May 17, 2013 by Vinnie Leduc
I grew up as a Star Wars fan with very little interest in Star Trek. A few years ago, J.J. Abrams’ Oscar-winning revival of Star Trek, a sci-fi blockbuster masterpiece, changed all that. Not only did Abrams’ vision exceed the expectations of multiple generations of Trekkies, it created a new legion of fans for the next generation. And after an awesome marketing campaign that included an extended sneak peek of the tantalizing opening sequence with select IMAX prints of The Hobbit back in December, we’ve since felt like that rambling little girl from those AT&T ads, i.e. “We want MORE! We want MORE!”
Logically, we honored Star Trek Into Darkness as THE most anticipated movie of the year; fortunately, the sequel lives up to the hype. The twelfth film of the iconic sci-fi series falls a bit short of its predecessor, but Star Trek Into Darkness is still a summer blast that stuns and kills. I know that it was less than a week ago when I proclaimed that the dazzling 3D in The Great Gatsby was among the best that I had ever seen in a live action movie, but I definitely have to repeat myself here regarding the immersive extra dimension of Into Darkness. From the very beginning in the explosive prologue, the 3D carries on strikingly at a high caliber, especially during the fantastic action sequences, along with the consistently engaging story and even into the credits. Like in The Avengers last year, the Star Trek sequel’s post-converted 3D shows off how much more advanced the improved technology has become.

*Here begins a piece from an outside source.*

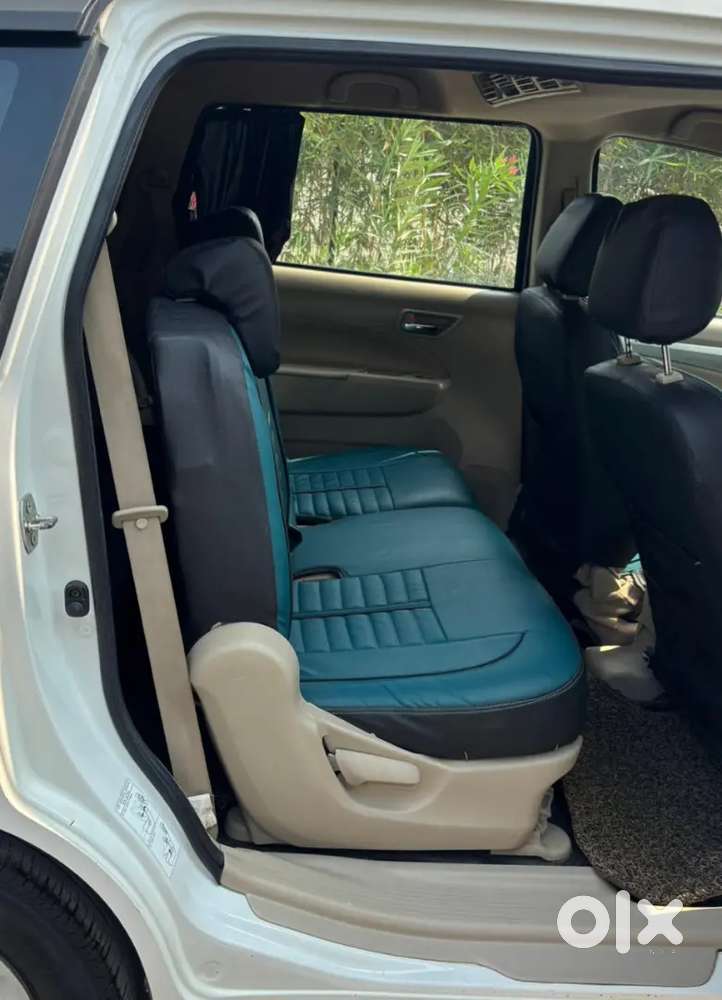 Maruti Suzuki Ertiga 2017 Cng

Into Darkness continues to explore the characters of and the friendship between the reckless I-do-what-I-want Kirk and the logical by-the-book Spock, played well by Chris Pine and Zachary Quinto, respectively. Their performances stand out above those of the rest of the Enterprise crew, which includes supporting turns by Karl Urban, John Cho, Zoe Saldana, Simon Pegg, and Anton Yelchin. Saldana is probably given the most opportunity to make an impact with her screen time, but for the most part, the focus of Into Darkness is clearly away from the crew, resulting in a considerable decrease in their development and Pegg’s quips. Alice Eve and original Robocop Peter Weller also co-star as Starfleet members.
Alfred Hitchcock’s assertion that “the more successful the villain, the more successful the picture” sums up one of my biggest problems with Abrams’ previous movie, Super 8 (and its contrived conclusion), and one of my biggest praises with Abrams’ current film. As one of the most memorable and conniving villains in recent cinema, Benedict Cumberbatch outshines both Pine and Quinto. His delightfully devilish display as an ex-Starfleeter-turned-terrorist may not be at Heath Ledger’s Joker level, but it’s reminiscent of Javier Bardem’s performance in Skyfall. We want MORE! We want MORE!

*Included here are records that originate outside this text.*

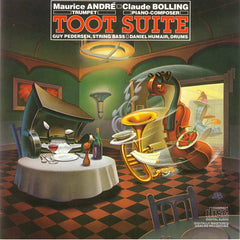 Maurice Andre / Claude Bolling - Toot Suite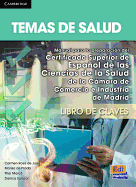 Temas de Salud Answer Key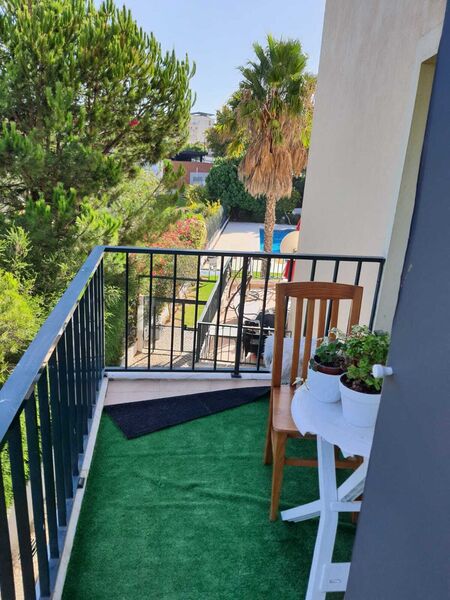 Apartamento com 1 quartos e piscina em Albufeira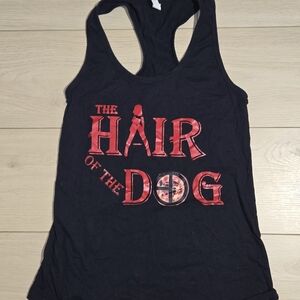 Next Level Apparel Black Tank Top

The only gripe I have with Star Trek Into Darkness is that the trailers have already included much of the key dialogue, dramatic moments, high-flying stunts, and action thrills. Thankfully, despite this very minor grievance, the biggest secrets remain unrevealed, and the film itself remains immensely entertaining. Director J.J. Abrams’ previous project was lauded as our Best Sci-Fi Movie of 2011 and one of the year’s best overall, and Star Trek Into Darkness certainly warp speeds into similar consideration for 2013 (your move, Elysium).

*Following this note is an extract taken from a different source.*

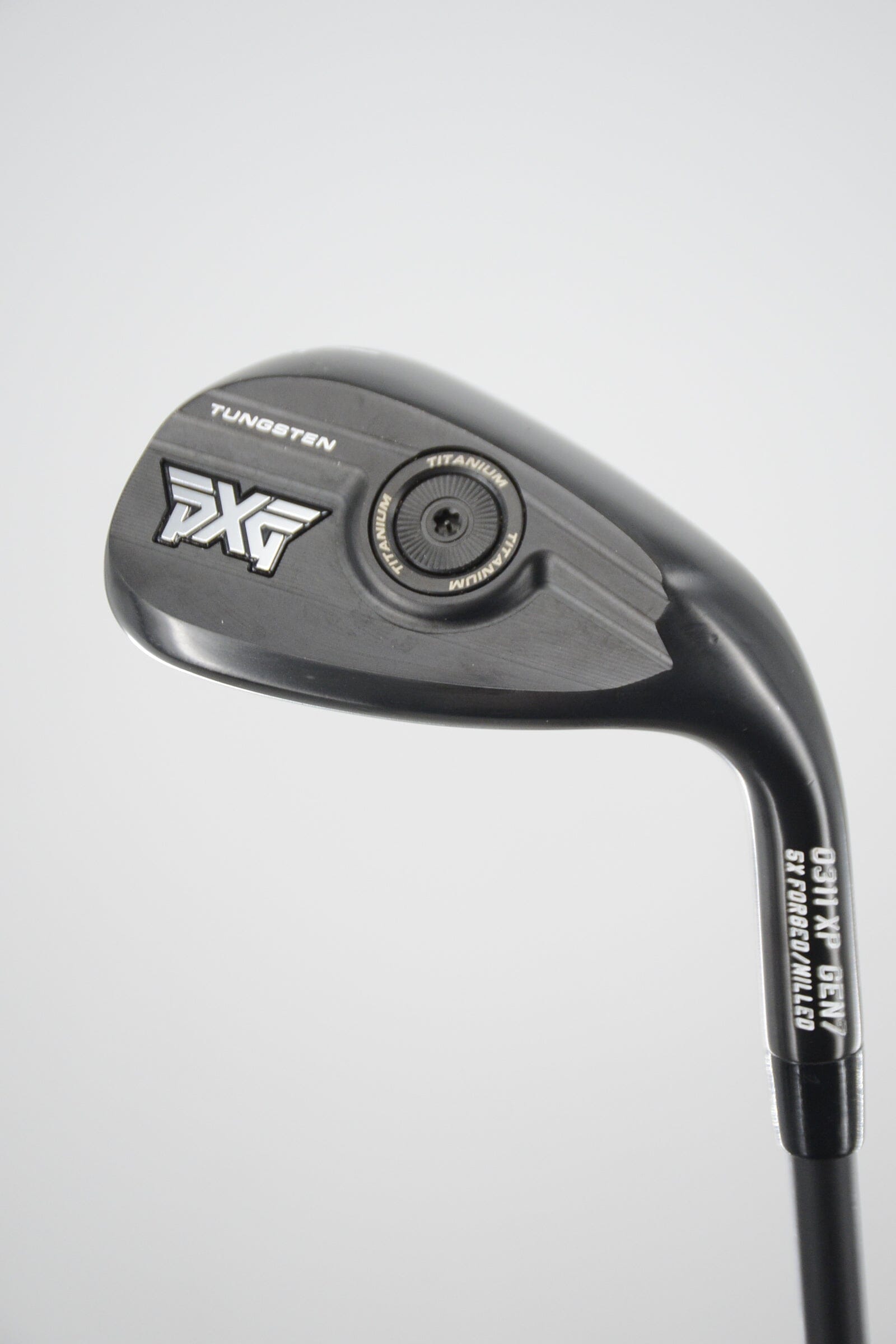 PXG 0311XP Gen7 Xtreme Dark LW R Flex 35" Golf Clubs GolfRoots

The big question is now that it’s revisited excellence after a flawless maiden voyage, where does the franchise go now? Or more precisely, when? The possibilities are both infinite and intriguing, but how involved will Abrams be in future Star Trek adventures as he’s off to direct the the first episode of the Mouse House’s Star Wars trilogy? Any way he’ll orchestrate a crazier collision of universes and galaxies? Probably not, as millions of nerds would riot and/or implode, but in the meantime, the only logical thing to do is to check out Star Trek Into Darkness in theaters with 3D and in IMAX if possible. Star Trek Into Darkness gets 4.5 out of 5 stars.